Given those details, my nod would go to Kesselring. Did more with less and showed some flashes of genius. Wasn't really suprised on a Strategic level anywhere but Anzio.


----------



## renrich (Aug 30, 2009)

No contest, Kesselring was much superior. Course, I am from Texas and Clark's name in Texas is mud for what he put the 36th through. IMO, Clark was pretty much an egotistcal DUD.


----------



## parsifal (Aug 30, 2009)

Ren, dont hold back now


----------



## Butters (Aug 30, 2009)

Kesselring may have been 'over-optimistic', but he never let that optimism (and let's face it...the situations that he faced in the last years of the war demanded some kind of emotional defense against despair...)color his appreciation of the facts. He was a very clear-headed and pragmatic commander who knew how to delegate authority and was more than willing to change his plans when the situation demanded it. The fact that most of his battles were defensive actions means that he is inevitably over-shadowed by those who fought the more interesting and exciting offensive campaigns. However, it is an axiom of war that few tasks demand more from a commander than effective and unflustered rear-guard action in the face of overwhelming enemy materiel superiority. 

Clark was undoubtably an excellent trainer of combat troops, but demonstrated little, if any, of the brilliance and flair that is the hallmark of an above-average field commander. Much of his rapid rise to prominence can be more justifiably attributed to his friendship with Marshall and Eisenhower, than to any personal demonstrations of operational/tactical elan. And of course, his blatantly egotistical decision to divert his army from its essential raison d'etre, ie; the destruction of German military power in Italy - in exchange for the title as Liberator of Rome, speaks for itself...

As for Korea, didn't Ridgeway have that pretty much sorted out by the time Clark showed up ?

JL


----------



## weinace (Aug 31, 2009)

My father never forgave Clark for 'going' for Rome rather than prevent the German army, after Cassino fell, reaching their next defensive lines.
This cost avoidable Allied deaths and wounded.
Regards,
weinace


----------



## renrich (Aug 31, 2009)

weinace, you hit the nail on the head and that was typical of Clark. he probably prolonged the Italian campaign with the subsequent losses immeasurably.


----------



## vikingBerserker (Aug 31, 2009)

I'll throw this out as food for thought.

Would the fall of Rome have impacted the Italians to turn on Mussolini or to switch sides and thus saving allied lives more so then going after any other target?


----------



## davparlr (Aug 31, 2009)

I don't know too much about either, but I have never held Clark in high opinion. Kesserlring seems to have fought well in a favorable environment.


----------



## Vincenzo (Sep 1, 2009)

vikingBerserker said:


> I'll throw this out as food for thought.
> 
> Would the fall of Rome have impacted the Italians to turn on Mussolini or to switch sides and thus saving allied lives more so then going after any other target?

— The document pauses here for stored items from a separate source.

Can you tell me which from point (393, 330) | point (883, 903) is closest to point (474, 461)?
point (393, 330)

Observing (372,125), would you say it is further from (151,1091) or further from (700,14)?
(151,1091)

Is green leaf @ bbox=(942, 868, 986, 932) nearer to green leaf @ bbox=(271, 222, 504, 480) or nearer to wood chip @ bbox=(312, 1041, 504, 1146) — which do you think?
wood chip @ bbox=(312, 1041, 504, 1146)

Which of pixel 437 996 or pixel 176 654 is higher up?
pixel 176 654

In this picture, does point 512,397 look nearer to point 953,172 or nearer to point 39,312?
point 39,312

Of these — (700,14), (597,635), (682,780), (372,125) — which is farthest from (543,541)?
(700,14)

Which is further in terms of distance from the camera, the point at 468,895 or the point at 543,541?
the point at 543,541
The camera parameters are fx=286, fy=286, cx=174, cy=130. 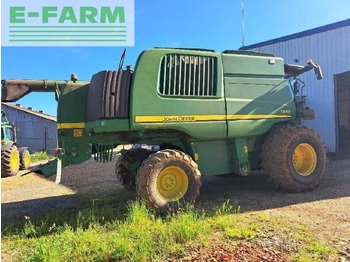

what? rome fall in '44 impacted on switch sides of '43?


----------



## renrich (Sep 1, 2009)

The Italians surrendered long before the fall of Rome.


----------



## vikingBerserker (Sep 1, 2009)

My goof, but I thought there were still Italians fighting with the Germans.


----------



## merlin (Sep 2, 2009)

I'll go with Kesselring, noting that Richard Bret-Smith in his excellent book Hitler's Generals - places him almost alongside von Manstein, as the Two Great Commanders.


----------



## renrich (Sep 2, 2009)

Not willingly


----------